Die Kosten der Beschwerde trägt die Antragstellerin.
Der Wert des Beschwerdegegenstandes wird auf 16.212,08 EUR festgesetzt.
I.
Die Antragstellerin wendet sich im Wege des vorläufigen Rechtsschutzes gegen die Heranziehung zu Schmutzwassergebühren.
Die Schmutzwassergebührensatzung (SGS) des vom Antragsgegner vertretenen Zweckverbands sieht eine unterschiedlich hohe Mengengebühr für Beitragszahler und Nichtbeitragszahler vor (sog. gespaltene Gebührensätze).
Der Antragsgegner setzte gegenüber der Antragstellerin mit Bescheid vom 12. Juli 2021 unter Zugrundelegung des Mengengebührensatzes für die Nichtbeitragszahler eine Schmutzwassergebühr i. H. v. 64.848,30 Euro für den Monat Juni 2021 fest. Die Antragstellerin legte hiergegen mit Schreiben vom 12. August 2021 Widerspruch ein und beantragte zugleich die Aussetzung der Vollziehung des Bescheids. Nachdem der Antragsgegner den Aussetzungsantrag abgelehnt hatte, beantragte die Antragstellerin beim Verwaltungsgericht die Anordnung der aufschiebenden Wirkung ihres Widerspruchs.

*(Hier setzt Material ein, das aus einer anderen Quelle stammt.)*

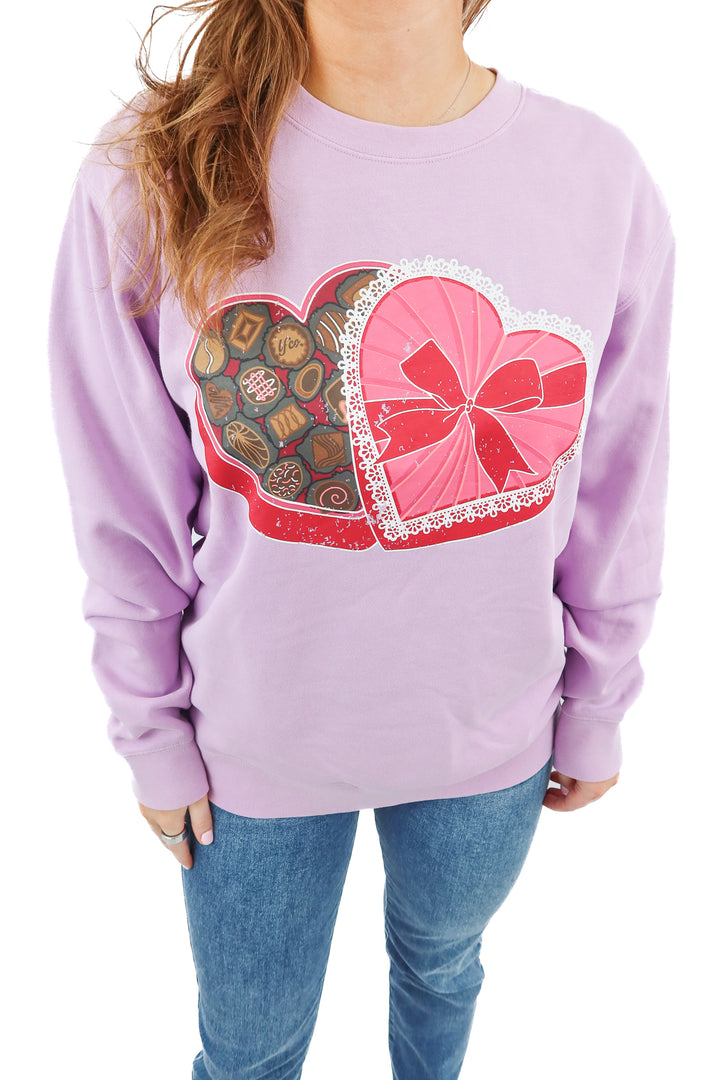 Living Fully Co. lavender chocolate box sweatshirt (S)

Das Verwaltungsgericht hat diesen Antrag mit Beschluss vom 4. November 2021 abgelehnt. Die Antragstellerin hat gegen den ihr am 8. November 2021 zugestellten Beschluss am 11. November 2021 Beschwerde eingelegt und diese am 8. Dezember 2021 begründet.
II.
Die Beschwerde hat keinen Erfolg. Nach § 146 Abs. 4 Verwaltungsgerichtsordnung - VwGO – muss die Beschwerde gegen einen Beschluss des Verwaltungsgerichts im Verfahren des vorläufigen Rechtsschutzes einen bestimmten Antrag enthalten, die Gründe darlegen, aus denen die Entscheidung abzuändern oder aufzuheben ist, und sich mit der angefochtenen Entscheidung auseinandersetzen. Die Prüfung des Oberverwaltungsgerichts beschränkt sich gemäß § 146 Abs. 4 Satz 6 VwGO in der ersten Stufe darauf, ob die Beschwerde geeignet ist, die Begründung des angefochtenen Beschlusses zu erschüttern; nur wenn dies der Fall ist, ist auf einer zweiten Stufe nach allgemeinem Maßstab zu prüfen, ob sich der Beschluss auf der Grundlage der Erkenntnisse des Beschwerdeverfahrens im Ergebnis als richtig erweist oder geändert werden muss (ständige Rechtsprechung des Senats, vgl. Beschluss vom 14. Juli 2015 - OVG 9 S 44.14 -). Danach ist der Beschluss des Verwaltungsgerichts nicht zu ändern. Das Beschwerdevorbringen erschüttert nicht die maßgebliche Begründung des Verwaltungsgerichts, es bestünden keine ernstlichen Zweifel an der Rechtmäßigkeit des angefochtenen Bescheides.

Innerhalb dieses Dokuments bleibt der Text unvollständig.